Annulus 14 is sealed at the bottom of casing 16 by a packer 18.
Pressurized gas is supplied from a source, such as a compressor
(not shown). The gas pressure in the annulus 14 is regulated by a
pressure control device 9, namely either an adjustable choke or a
regulator, at the surface. The pressurized gas, represented by
arrows 20, flows from the compressor, through the pressure control
device 9, and through the annulus 14 into tubing 12 via a gas flow
control device 22. Gas injected into production tubing 12 decreases
the density of petroleum rising to the surface and enables natural
reservoir pressure to maintain this flow. The pressure control
device 9 is utilized at the surface to control the pressure in the
annulus 14, which, in turn, establishes the injection pressure
(also referred to as the casing pressure or upstream pressure) at
the gas flow control device 22, the differential pressure across
the gas flow control device, and, thus, the rate of injection
through the gas flow control device 22.
While the pressure control device 9 is shown at the surface in FIG.
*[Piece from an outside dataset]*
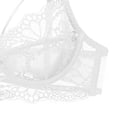 thumbnail image 5 of Fengqque Women's French Sexy Gathering Large Size Bra Set Ultra-Thin Big Breasts Shows Small Collection, 5 of 5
4, it is contemplated that a pressure control device can be
installed within the annulus at a depth more proximate the gas flow
control device 22. In this situation, a certain amount of annulus
is isolated to form a chamber for injection gas whereby the gas to
be injected is delivered to the chamber, and the gas pressure
regulated by the pressure control device which, in turn, is
controlled from the surface via a hydraulic or electric control
line.
Furthermore, a single well bore will often times intersect a number
of producing formations and, for economic reasons, these
formations, referred to as production zones, are isolated by
installing packoff devices so that the individual zones can be
produced independently. A plurality of tubing strings are thus
employed to produce the specific formations. The limitations of the
prior art gas flow control device, namely its dynamic performance,
exacerbates the flow instability in well completions with a
plurality of production tubing strings. In such a well, instability
is more likely to occur in each of the individual production tubing
strings of the gas lift system because the common annulus supplies
the injection gas to each gas flow control device and the injection
rate through each prior art gas flow control device is completely
unpredictable and independent. The present invention provides a
constant gas injection rate into each tubing string and will,
therefore, diminish the flow instability common in wells having a
plurality of production strings.
A prior art gas flow control device 22 having a square-edged
orifice is illustrated in FIG. 5. The direction of the gas flow
through the gas flow control device is indicated by arrows 26.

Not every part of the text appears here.